Action item:
Task for the records below: copy exactly from the first line on, stopping once the line with "Coin Dispenser with" is copied, and leave out the pictures.

Data for review:
○ ○ ○
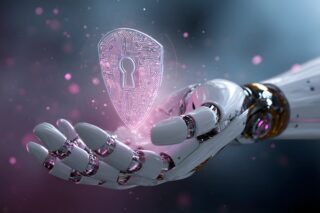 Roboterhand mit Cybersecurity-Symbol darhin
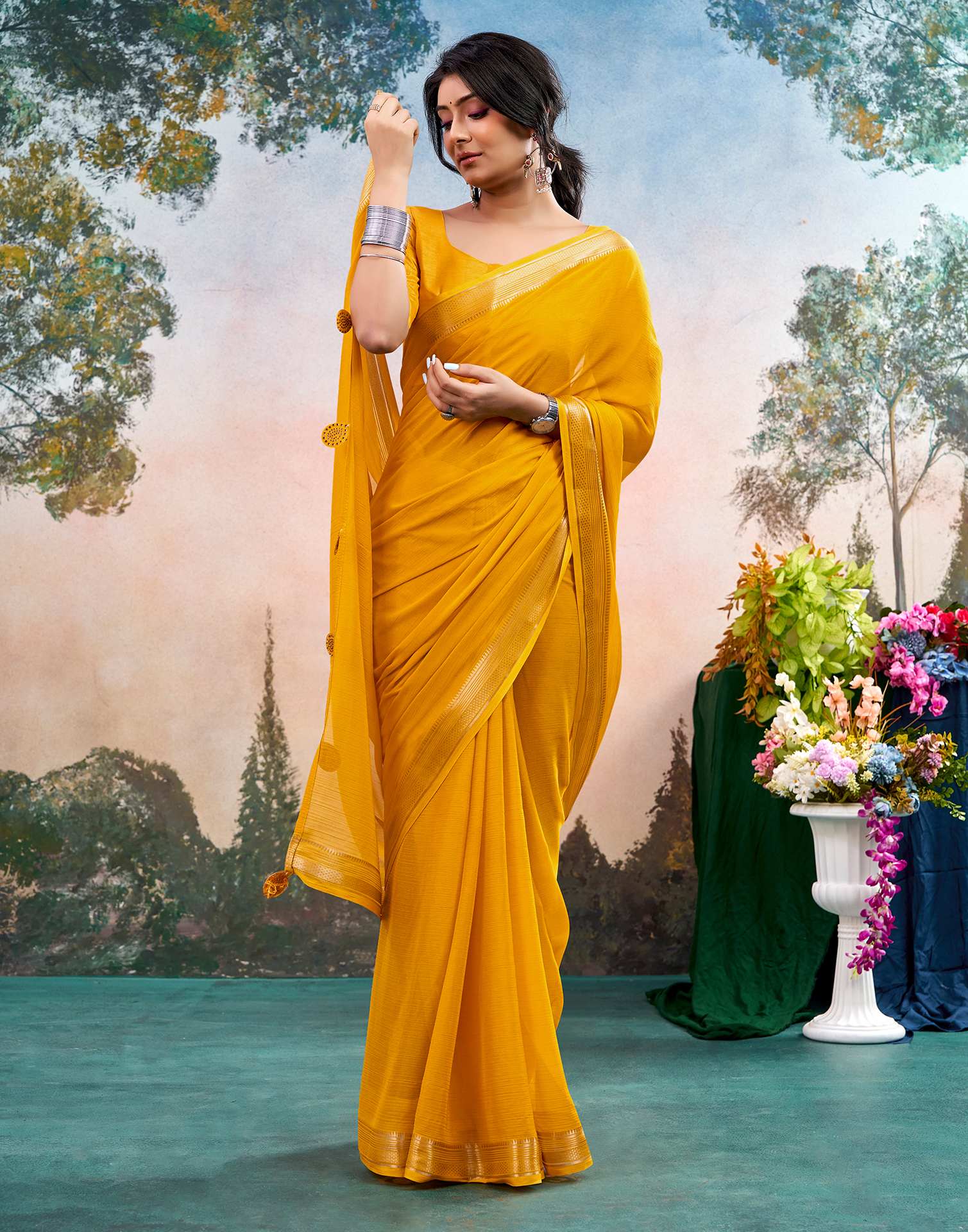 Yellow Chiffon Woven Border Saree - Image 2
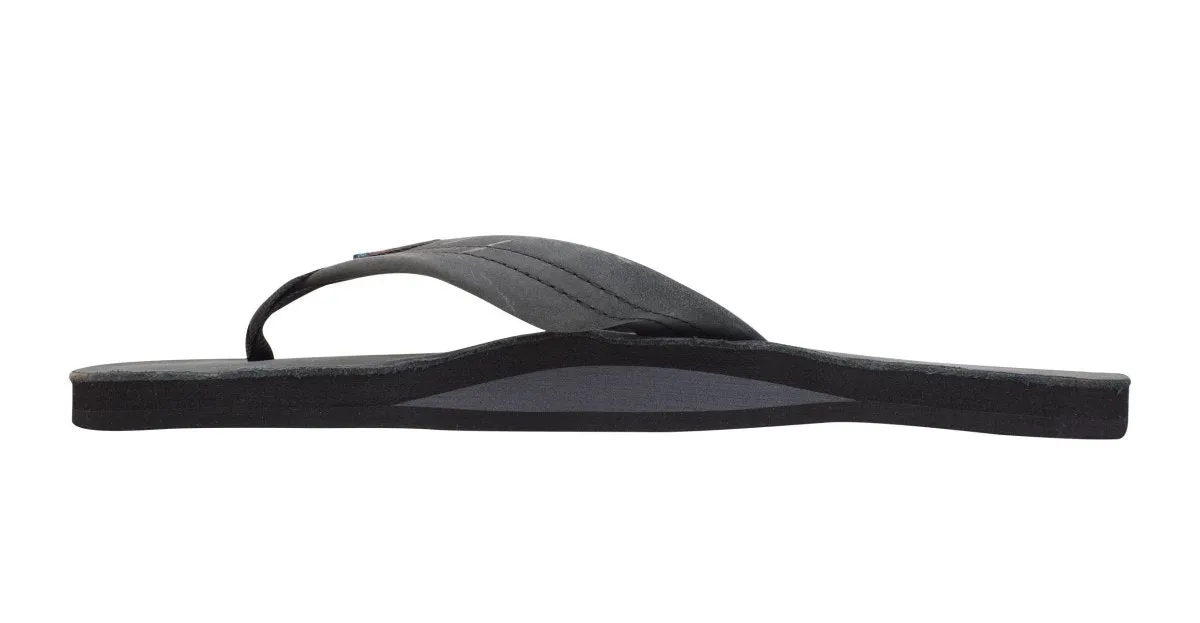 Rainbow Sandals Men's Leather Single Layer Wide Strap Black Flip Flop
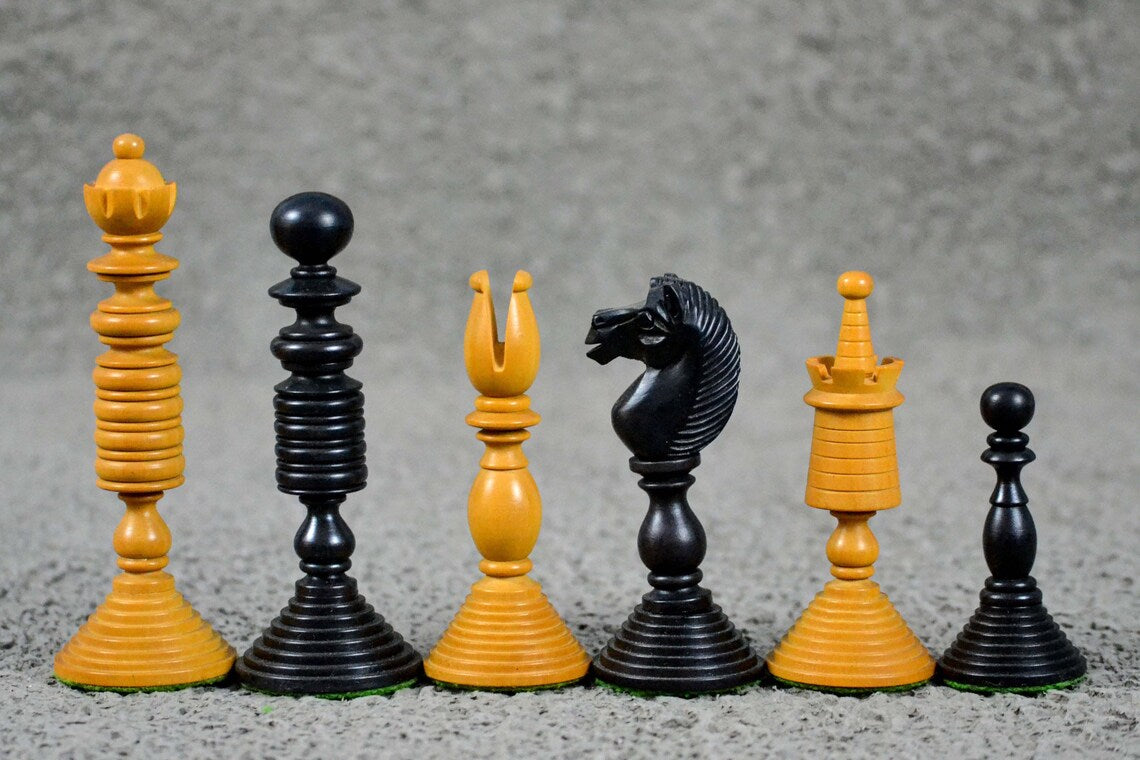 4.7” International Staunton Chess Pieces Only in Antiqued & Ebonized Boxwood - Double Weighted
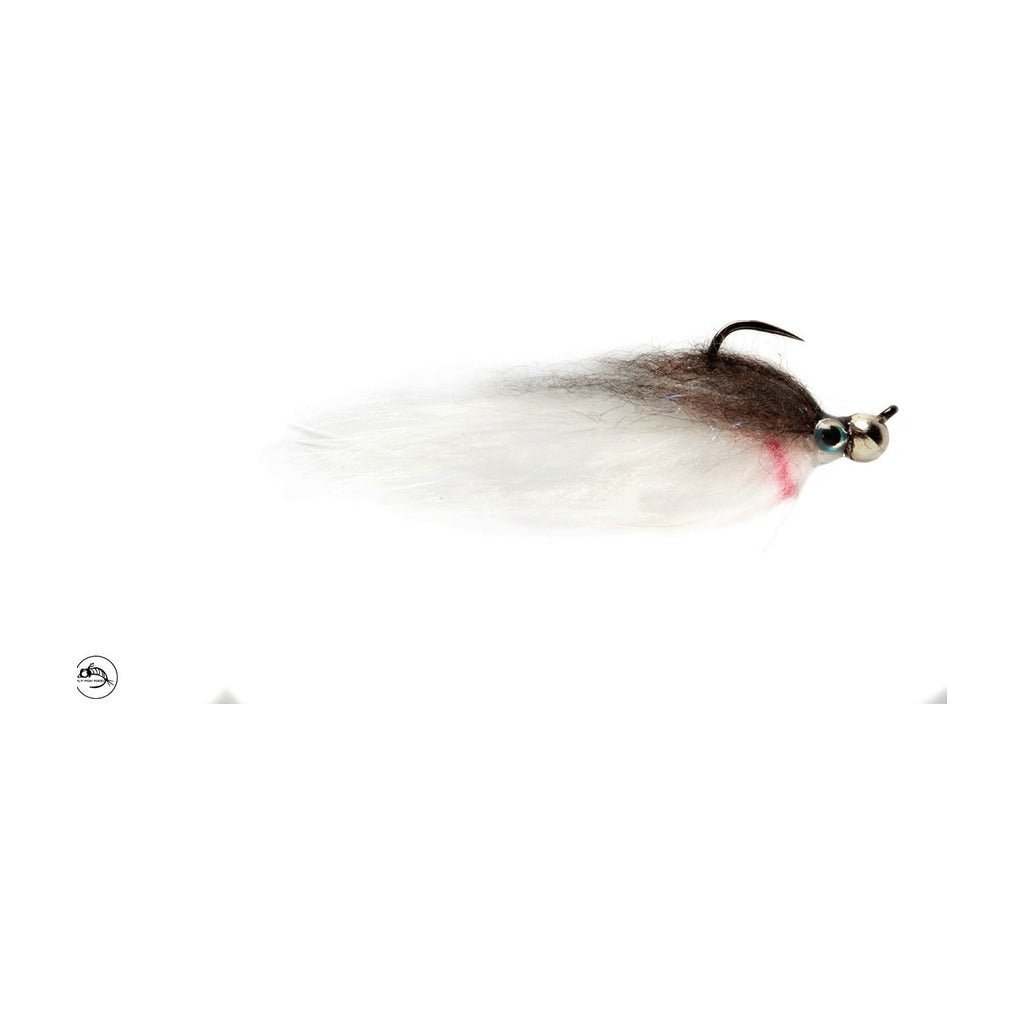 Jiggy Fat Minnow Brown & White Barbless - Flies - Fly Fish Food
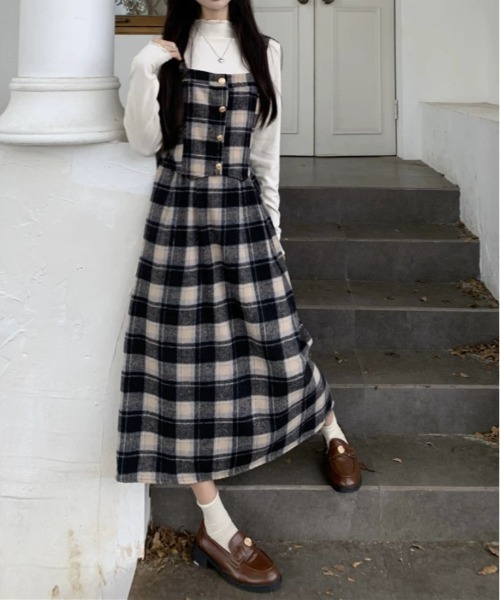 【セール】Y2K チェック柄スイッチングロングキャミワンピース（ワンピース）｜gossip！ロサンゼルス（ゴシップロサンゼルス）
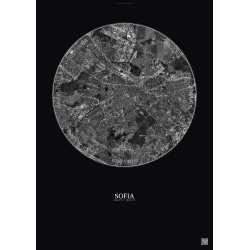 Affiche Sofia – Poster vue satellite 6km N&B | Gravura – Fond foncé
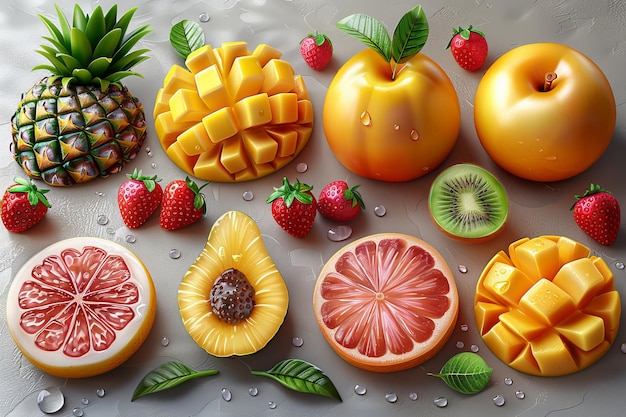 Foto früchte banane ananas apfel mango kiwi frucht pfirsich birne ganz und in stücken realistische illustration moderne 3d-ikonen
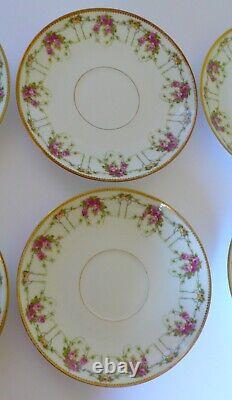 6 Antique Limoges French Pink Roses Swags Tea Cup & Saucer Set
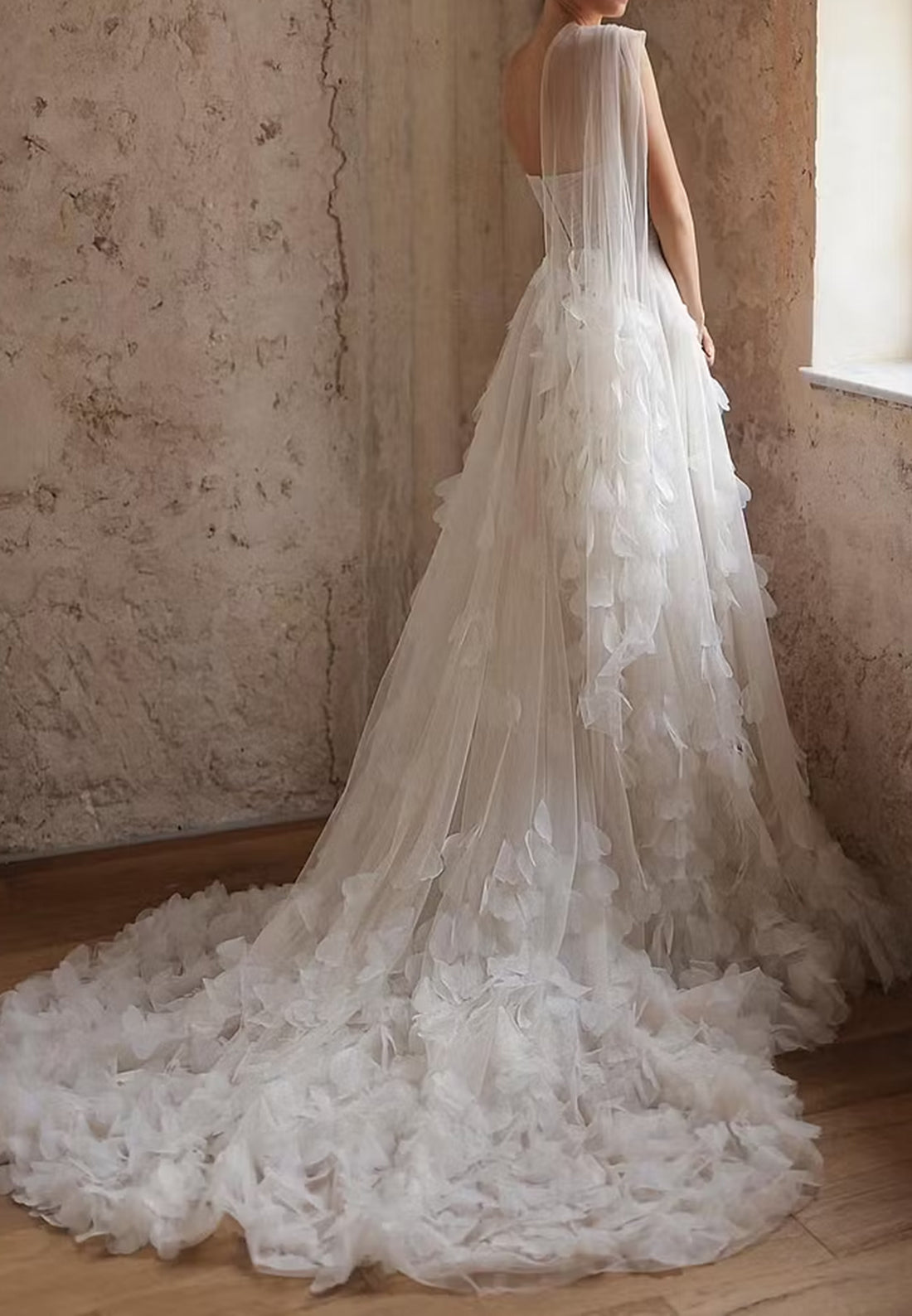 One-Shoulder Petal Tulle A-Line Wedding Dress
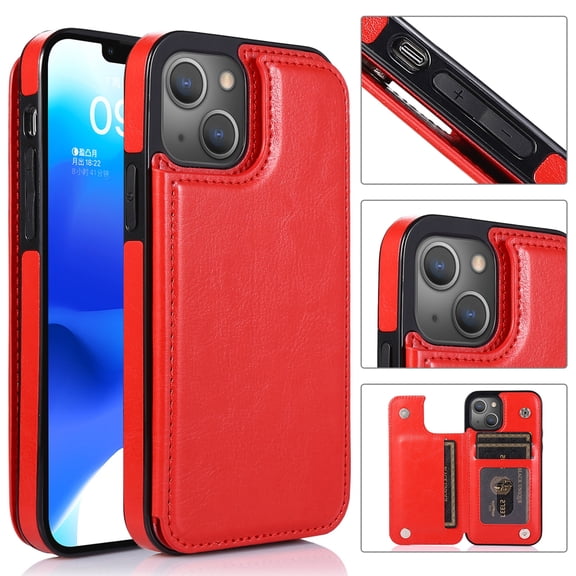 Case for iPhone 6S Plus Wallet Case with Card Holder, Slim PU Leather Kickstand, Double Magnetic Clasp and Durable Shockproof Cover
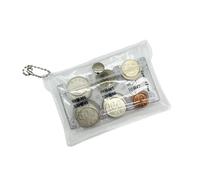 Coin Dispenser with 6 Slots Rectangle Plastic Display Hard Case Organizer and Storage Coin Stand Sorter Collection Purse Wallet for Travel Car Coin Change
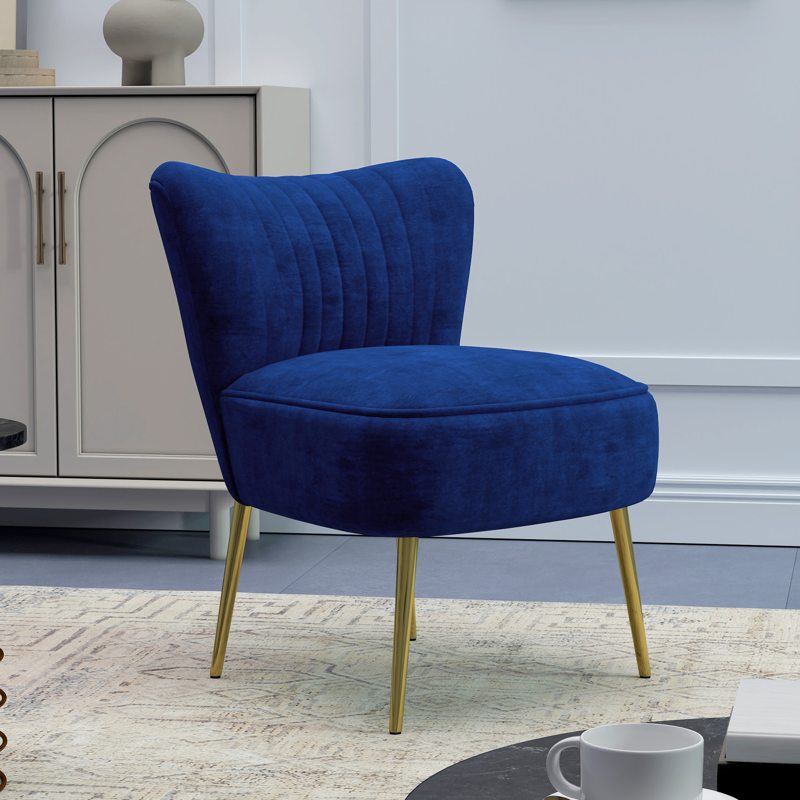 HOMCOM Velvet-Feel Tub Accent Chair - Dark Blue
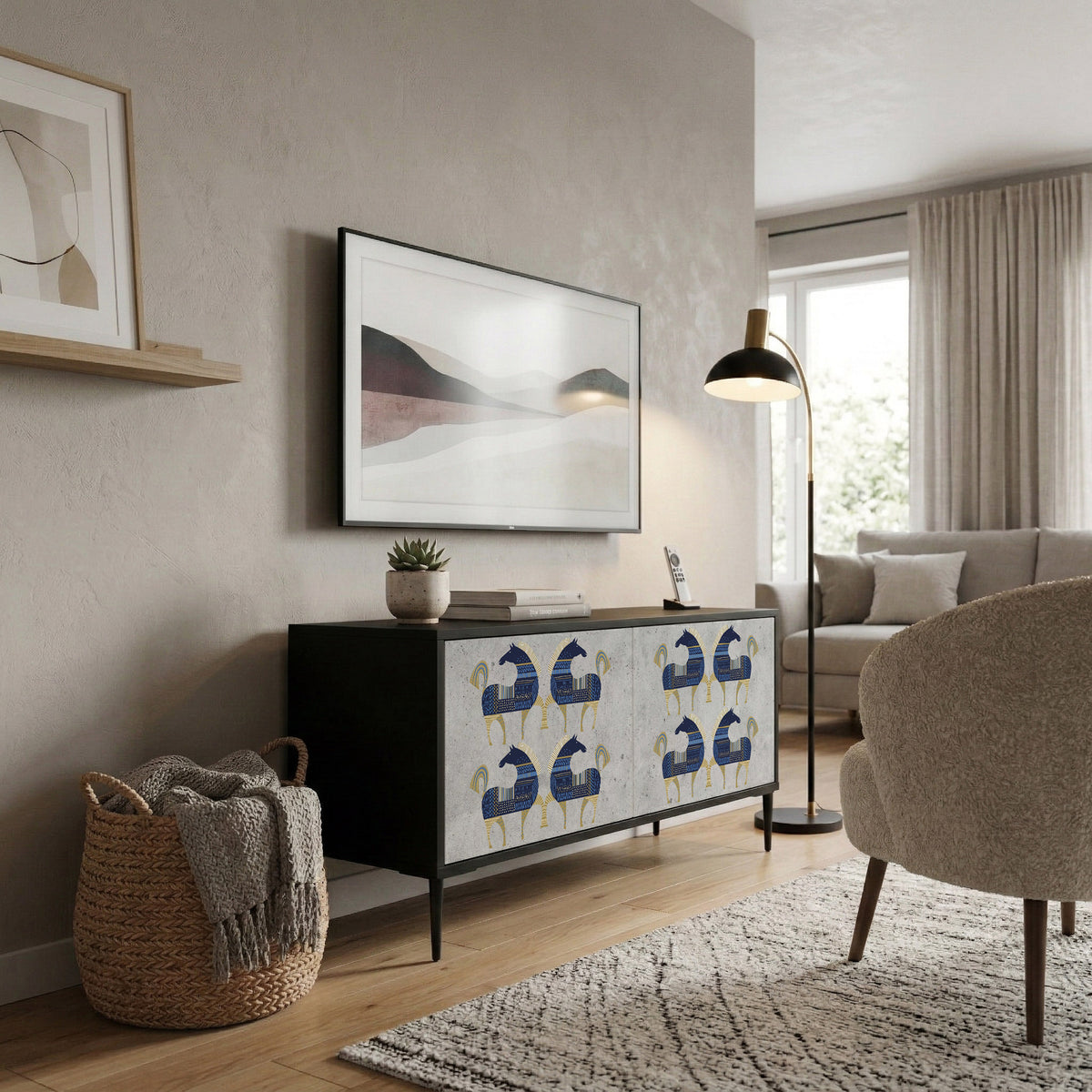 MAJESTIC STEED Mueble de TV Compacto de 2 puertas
○ ○ ○
Result for this task:
 Roboterhand mit Cybersecurity-Symbol darhin
 Yellow Chiffon Woven Border Saree - Image 2
 Rainbow Sandals Men's Leather Single Layer Wide Strap Black Flip Flop
 4.7” International Staunton Chess Pieces Only in Antiqued & Ebonized Boxwood - Double Weighted
 Jiggy Fat Minnow Brown & White Barbless - Flies - Fly Fish Food
 【セール】Y2K チェック柄スイッチングロングキャミワンピース（ワンピース）｜gossip！ロサンゼルス（ゴシップロサンゼルス）
 Affiche Sofia – Poster vue satellite 6km N&B | Gravura – Fond foncé
 Foto früchte banane ananas apfel mango kiwi frucht pfirsich birne ganz und in stücken realistische illustration moderne 3d-ikonen
 6 Antique Limoges French Pink Roses Swags Tea Cup & Saucer Set
 One-Shoulder Petal Tulle A-Line Wedding Dress
 Case for iPhone 6S Plus Wallet Case with Card Holder, Slim PU Leather Kickstand, Double Magnetic Clasp and Durable Shockproof Cover
 Coin Dispenser with 6 Slots Rectangle Plastic Display Hard Case Organizer and Storage Coin Stand Sorter Collection Purse Wallet for Travel Car Coin Change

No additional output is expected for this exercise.